Record set.
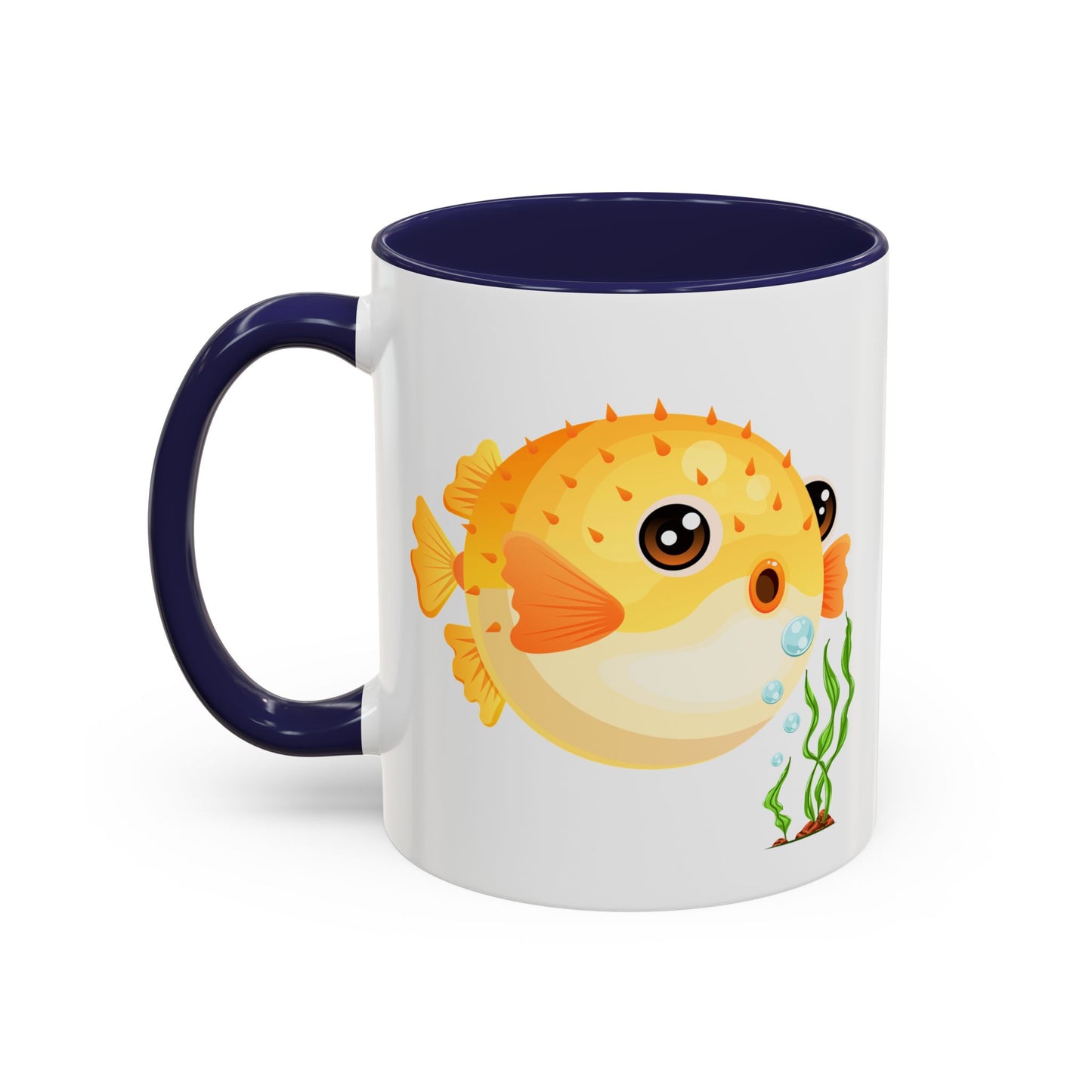 Cartoon Pufferfish with seaweed Coffee Mug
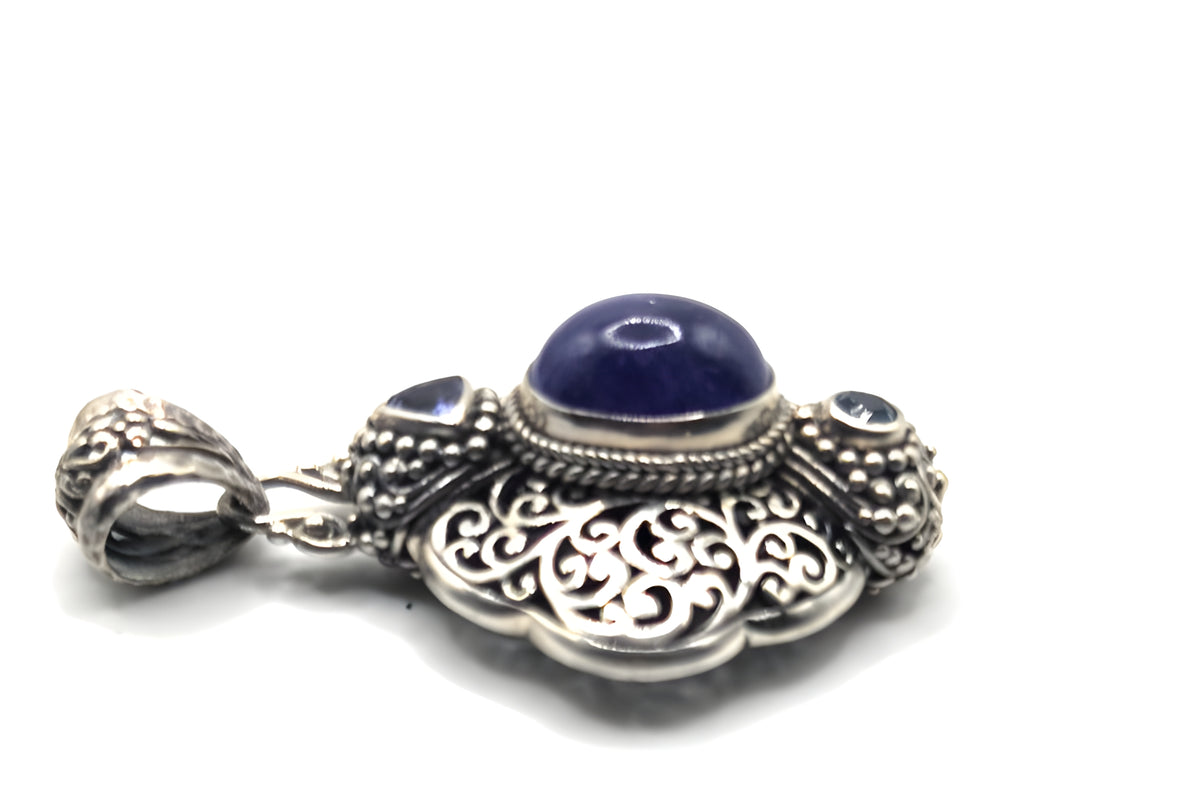 SARDA 925 Sterling Silver Purple Blue Multi Stone Pendant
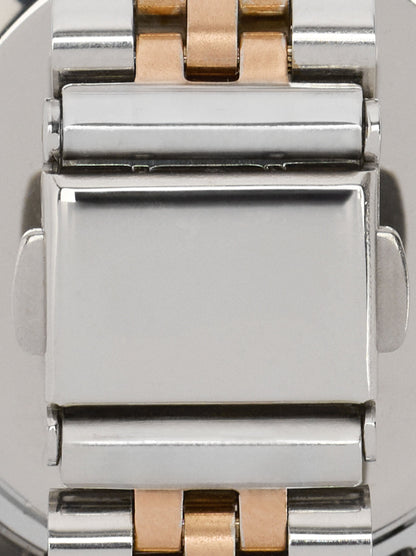 Round Bicolor Watch With Steel Bracelet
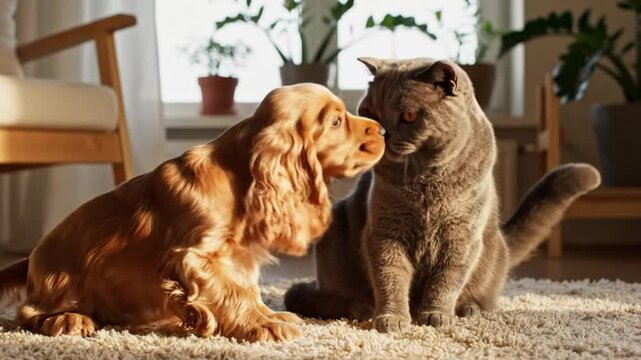 Cute English Cocker Spaniel puppy playfully interacts with a grumpy British Shorthair cat indoors on a sunny day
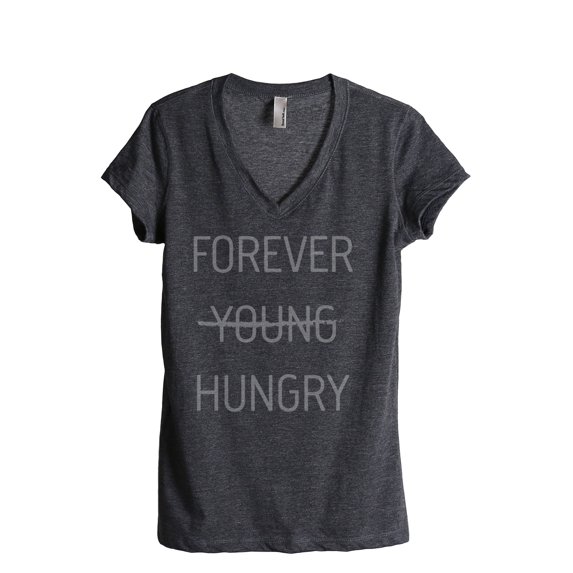 Thread Tank Forever Young Hungry Women's Relaxed V-Neck T-Shirt Tee Charcoal 2X-Large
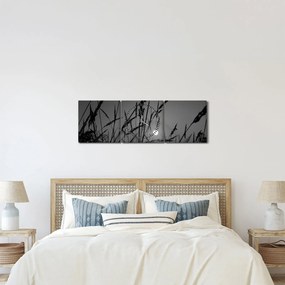 Tablou - Pajiște cu apus de soare (cu ceas) (90x30 cm)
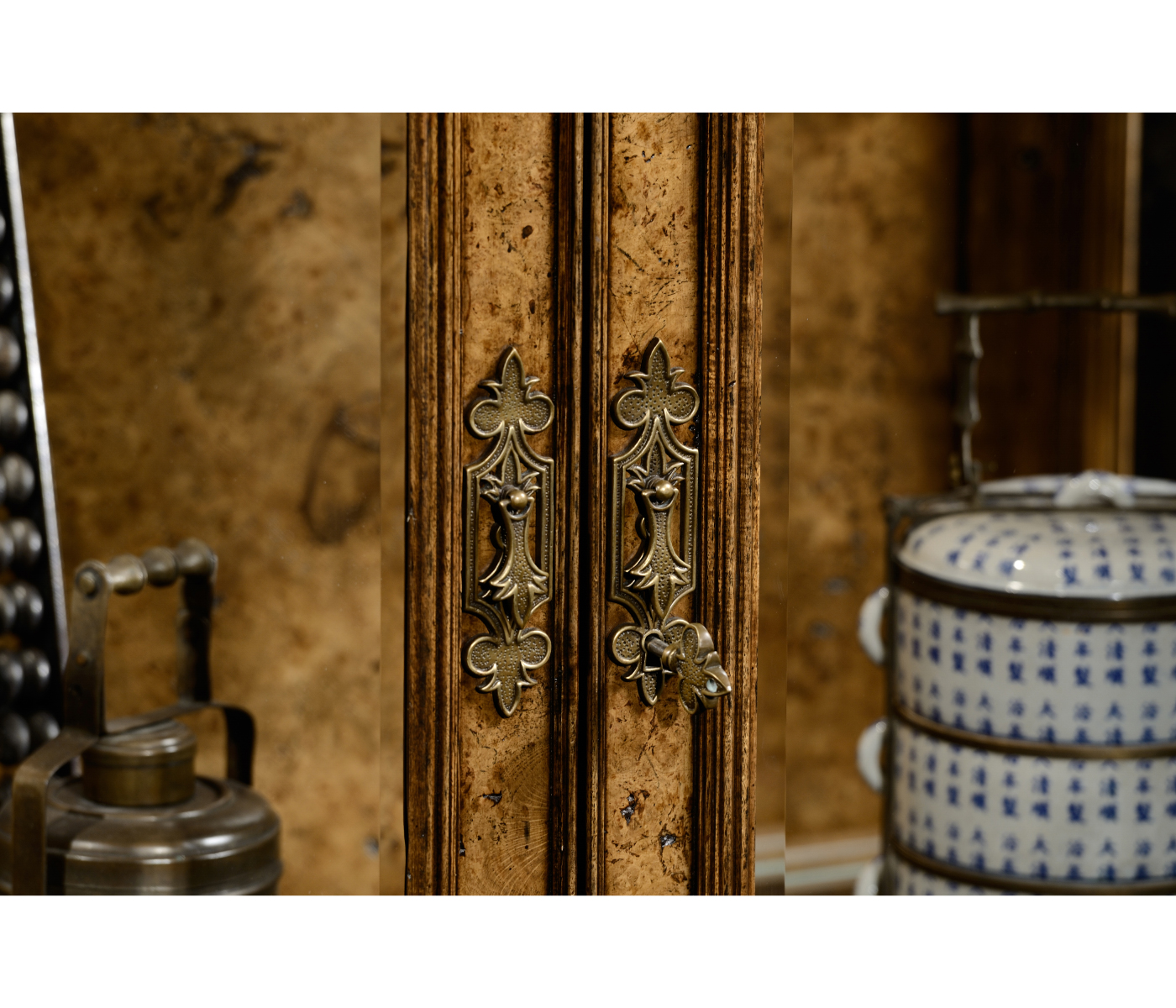 Queen Anne Pollard Veneer Bookcase with Glazed Doors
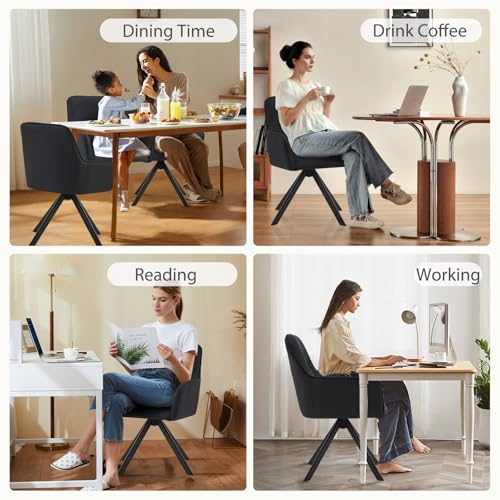 Modern Swivel Dining Chairs Set of 2, Upholstered Dining Room Chairs with Thicken Cushion, 360°Swivel Dining Chairs with Metal Legs for Dining Room, Kitchen, Bedroom, PU, Black - color: Black, size: Set of 2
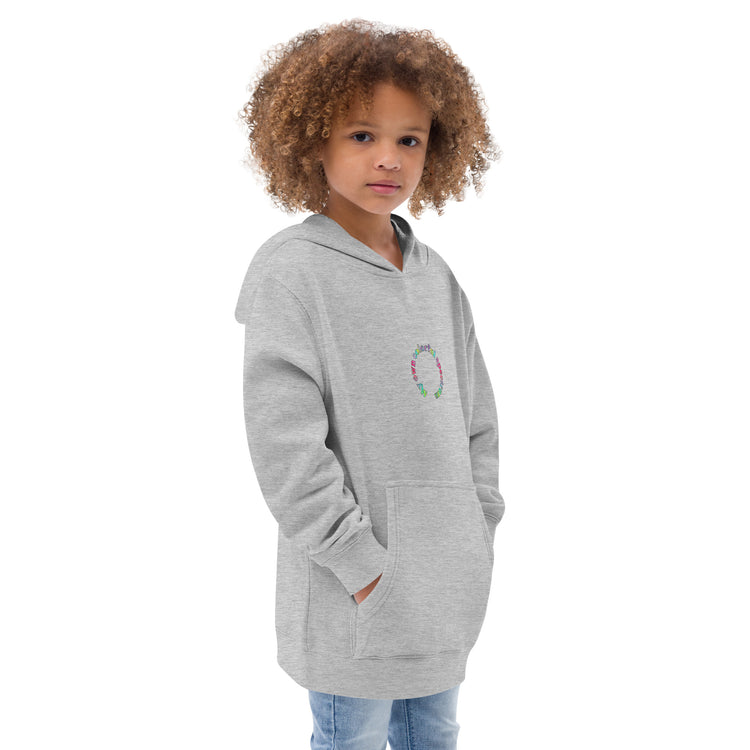 Right-front of grey kidswear hoodie with pockets, featuring " My own colorful spectrum" design.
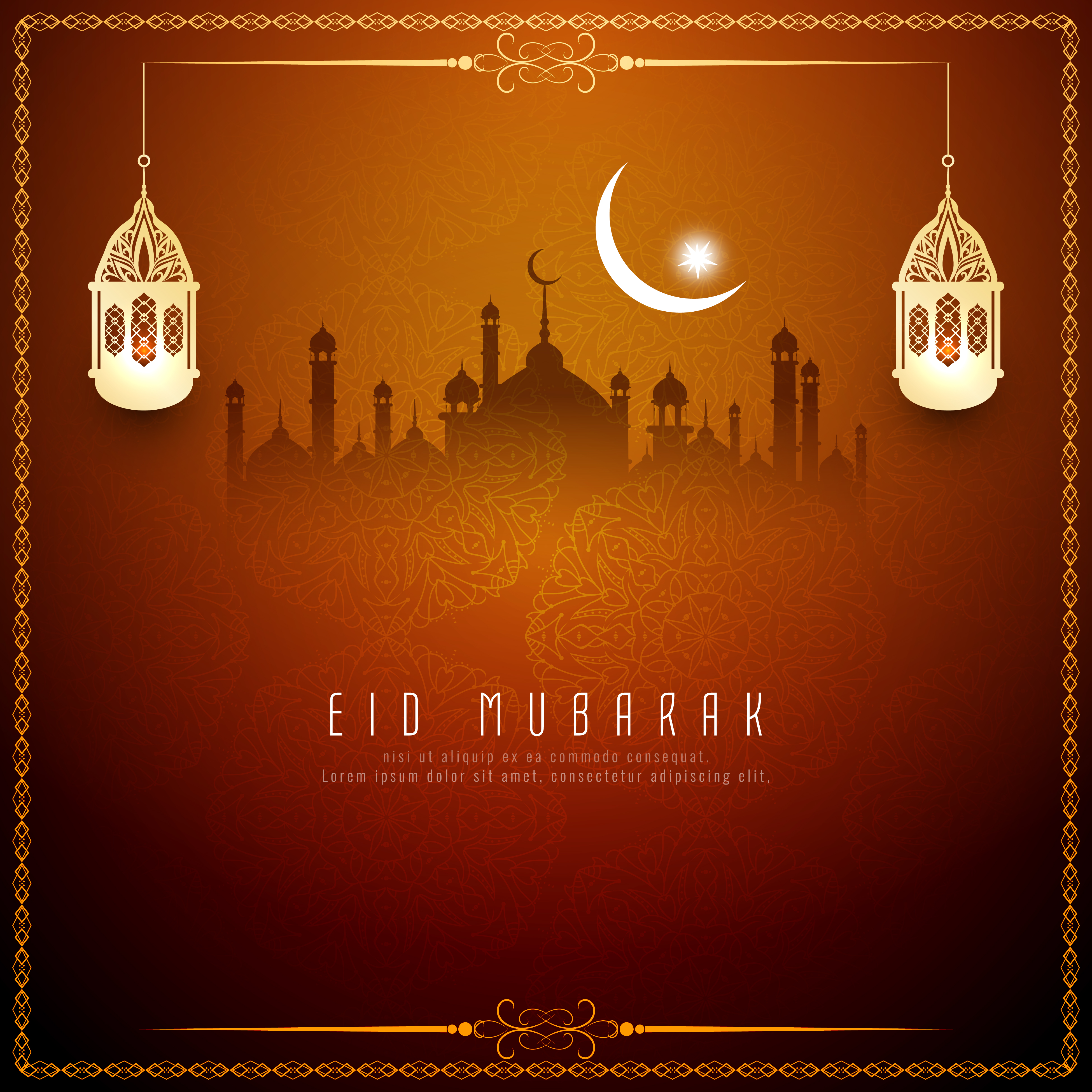 Abstract Eid Mubarak Islamic background design - Download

Exercise goal.
Look above for the line containing "SARDA 925 Sterling", then write out every line from there down to the line containing "Queen Anne Pollard", that line included, with no pictures.

Exercise response.
 SARDA 925 Sterling Silver Purple Blue Multi Stone Pendant
 Round Bicolor Watch With Steel Bracelet
 Cute English Cocker Spaniel puppy playfully interacts with a grumpy British Shorthair cat indoors on a sunny day
 Thread Tank Forever Young Hungry Women's Relaxed V-Neck T-Shirt Tee Charcoal 2X-Large
 Tablou - Pajiște cu apus de soare (cu ceas) (90x30 cm)
 Queen Anne Pollard Veneer Bookcase with Glazed Doors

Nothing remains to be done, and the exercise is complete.